Há algo além de oxigênio no ar de
Nova Délhi.
por Neeta
Lal, da IPS
O número de veículos particulares na Índia chegará
a 400 milhões até 2040. Em relação aos 170 milhões atuais, se multiplicará por
cinco as emissões de gases contaminantes liberados na atmosfera por automóveis
e caminhões. Foto: Neeta Lal/IPS.
Nova Délhi, Índia, 27/2/2015 – Aastha Sarma, de 15
anos, não pode fazer o mesmo que suas amigas que vão a uma escola particular na
capital indiana. A doença pulmonar obstrutiva crônica que sofre a obriga a
permanecer confinada em sua casa. A origem de seu problema provavelmente seja o
ar extremamente contaminado de Nova Délhi.
Nos últimos três anos, Sharma passou de um
medicamento a outro, perdeu atividades sociais e foi obrigada a seguir uma
dieta limitada, que não inclui seus alimentos preferidos. Além dos livros e do
almoço, em sua mochila carrega um nebulizador para enfrentar os ataques
ruidosos, dos quais já tem medo. “Estou cansada de tudo o que posso e não
posso. Quando terei uma vida livre?”, perguntou a jovem.
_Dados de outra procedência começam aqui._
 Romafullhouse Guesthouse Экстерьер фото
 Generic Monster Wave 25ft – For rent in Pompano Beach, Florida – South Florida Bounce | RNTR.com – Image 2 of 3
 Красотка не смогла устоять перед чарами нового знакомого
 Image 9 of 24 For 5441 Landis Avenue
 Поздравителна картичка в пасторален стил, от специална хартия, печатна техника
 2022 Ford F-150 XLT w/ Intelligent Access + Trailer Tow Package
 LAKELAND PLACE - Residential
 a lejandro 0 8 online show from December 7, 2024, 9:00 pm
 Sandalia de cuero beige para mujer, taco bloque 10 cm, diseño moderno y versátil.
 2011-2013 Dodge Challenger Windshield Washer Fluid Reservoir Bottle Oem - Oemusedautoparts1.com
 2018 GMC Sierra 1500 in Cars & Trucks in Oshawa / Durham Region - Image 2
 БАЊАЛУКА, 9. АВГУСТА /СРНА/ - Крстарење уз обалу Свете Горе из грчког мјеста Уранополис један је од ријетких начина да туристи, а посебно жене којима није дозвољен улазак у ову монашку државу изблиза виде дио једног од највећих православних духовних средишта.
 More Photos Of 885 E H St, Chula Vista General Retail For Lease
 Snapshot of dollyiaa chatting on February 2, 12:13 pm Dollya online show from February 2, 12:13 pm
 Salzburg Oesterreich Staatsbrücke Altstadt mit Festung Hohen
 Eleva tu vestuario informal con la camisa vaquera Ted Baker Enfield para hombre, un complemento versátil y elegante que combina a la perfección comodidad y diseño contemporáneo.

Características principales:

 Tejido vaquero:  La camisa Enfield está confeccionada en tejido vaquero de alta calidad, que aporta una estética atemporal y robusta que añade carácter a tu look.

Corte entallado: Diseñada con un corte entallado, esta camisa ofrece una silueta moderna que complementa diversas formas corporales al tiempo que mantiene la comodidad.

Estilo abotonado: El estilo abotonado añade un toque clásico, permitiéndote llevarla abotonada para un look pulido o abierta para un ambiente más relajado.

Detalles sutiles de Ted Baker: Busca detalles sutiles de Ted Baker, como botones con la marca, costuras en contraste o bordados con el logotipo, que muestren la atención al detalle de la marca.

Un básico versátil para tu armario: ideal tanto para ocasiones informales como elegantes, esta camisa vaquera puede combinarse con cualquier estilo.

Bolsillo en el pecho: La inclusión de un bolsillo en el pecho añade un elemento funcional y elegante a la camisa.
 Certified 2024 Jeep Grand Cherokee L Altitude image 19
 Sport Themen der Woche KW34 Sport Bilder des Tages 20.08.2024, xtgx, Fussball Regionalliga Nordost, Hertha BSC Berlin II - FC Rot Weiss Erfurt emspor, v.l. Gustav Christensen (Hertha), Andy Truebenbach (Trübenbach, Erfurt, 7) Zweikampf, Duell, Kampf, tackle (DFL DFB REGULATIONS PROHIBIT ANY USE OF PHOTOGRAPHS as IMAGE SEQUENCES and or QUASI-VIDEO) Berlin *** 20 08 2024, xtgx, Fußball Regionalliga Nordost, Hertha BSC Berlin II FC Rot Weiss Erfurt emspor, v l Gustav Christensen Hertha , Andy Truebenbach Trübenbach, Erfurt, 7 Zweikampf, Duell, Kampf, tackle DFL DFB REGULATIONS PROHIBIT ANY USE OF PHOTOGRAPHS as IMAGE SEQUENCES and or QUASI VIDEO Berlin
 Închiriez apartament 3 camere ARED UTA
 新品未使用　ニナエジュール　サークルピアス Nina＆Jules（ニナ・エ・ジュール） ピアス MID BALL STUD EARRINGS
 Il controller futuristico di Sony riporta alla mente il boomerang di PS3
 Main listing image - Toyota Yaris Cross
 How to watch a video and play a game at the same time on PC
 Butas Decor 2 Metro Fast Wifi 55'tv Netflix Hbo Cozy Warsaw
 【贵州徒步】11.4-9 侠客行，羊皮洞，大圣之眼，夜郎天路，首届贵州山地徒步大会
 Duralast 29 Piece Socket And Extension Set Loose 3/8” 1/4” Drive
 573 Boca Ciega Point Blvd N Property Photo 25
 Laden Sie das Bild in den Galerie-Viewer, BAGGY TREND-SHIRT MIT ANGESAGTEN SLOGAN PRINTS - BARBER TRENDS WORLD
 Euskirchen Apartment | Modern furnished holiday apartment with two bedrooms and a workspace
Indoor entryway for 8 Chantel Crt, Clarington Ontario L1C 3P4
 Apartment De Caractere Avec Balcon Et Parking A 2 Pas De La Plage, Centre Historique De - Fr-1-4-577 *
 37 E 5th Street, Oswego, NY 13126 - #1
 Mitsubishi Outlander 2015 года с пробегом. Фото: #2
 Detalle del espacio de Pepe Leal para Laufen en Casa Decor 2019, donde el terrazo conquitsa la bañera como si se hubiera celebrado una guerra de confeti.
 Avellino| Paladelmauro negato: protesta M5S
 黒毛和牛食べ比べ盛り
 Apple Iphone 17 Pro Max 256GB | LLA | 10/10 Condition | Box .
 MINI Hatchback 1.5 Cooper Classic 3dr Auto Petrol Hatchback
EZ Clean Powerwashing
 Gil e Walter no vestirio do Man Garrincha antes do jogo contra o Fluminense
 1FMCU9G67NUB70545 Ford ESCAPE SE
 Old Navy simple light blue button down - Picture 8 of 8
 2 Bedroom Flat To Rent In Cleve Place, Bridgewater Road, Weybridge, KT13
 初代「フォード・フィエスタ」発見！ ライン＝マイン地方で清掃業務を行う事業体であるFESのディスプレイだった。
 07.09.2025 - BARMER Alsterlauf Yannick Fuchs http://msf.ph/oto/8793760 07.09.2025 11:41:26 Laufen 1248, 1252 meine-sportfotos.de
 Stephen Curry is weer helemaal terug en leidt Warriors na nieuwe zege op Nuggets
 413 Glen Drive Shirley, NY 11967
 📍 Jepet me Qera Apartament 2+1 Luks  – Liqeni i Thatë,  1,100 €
A mesma pergunta fazem muitos jovens obrigados s
suportar as consequências do ar extremamente poluído nessa cidade de 18 milhões
de habitantes, considerada a pior do mundo nesse aspecto. Um estudo da
organização Greenpeace Índia mostra que a qualidade do ar em cinco grandes
escolas da capital é má.
“A contaminação do ar nas escolas de Nova Délhi é
alarmante, e as crianças o respiram constantemente”, afirmou Aishwarya
Madineni, ativista do Greenpeace. “O novo governo deve reconhecer a severidade
do problema”, destacou. Outro estudo, realizado em 2014 com 11.628 estudantes
de 36 escolas localizadas em diferentes partes da cidade, concluiu que uma em
cada três crianças tinha as funções respiratórias diminuídas devido à
contaminação por partículas.
Em um informe enviado à Suprema Corte de Justiça, a
Autoridade para a Prevenção e o Controle da Poluição Ambiental pediu urgência a
esse tribunal no sentido de determinar a todas as escolas de Nova Délhi que
fechem nos dias com maior risco para a saúde.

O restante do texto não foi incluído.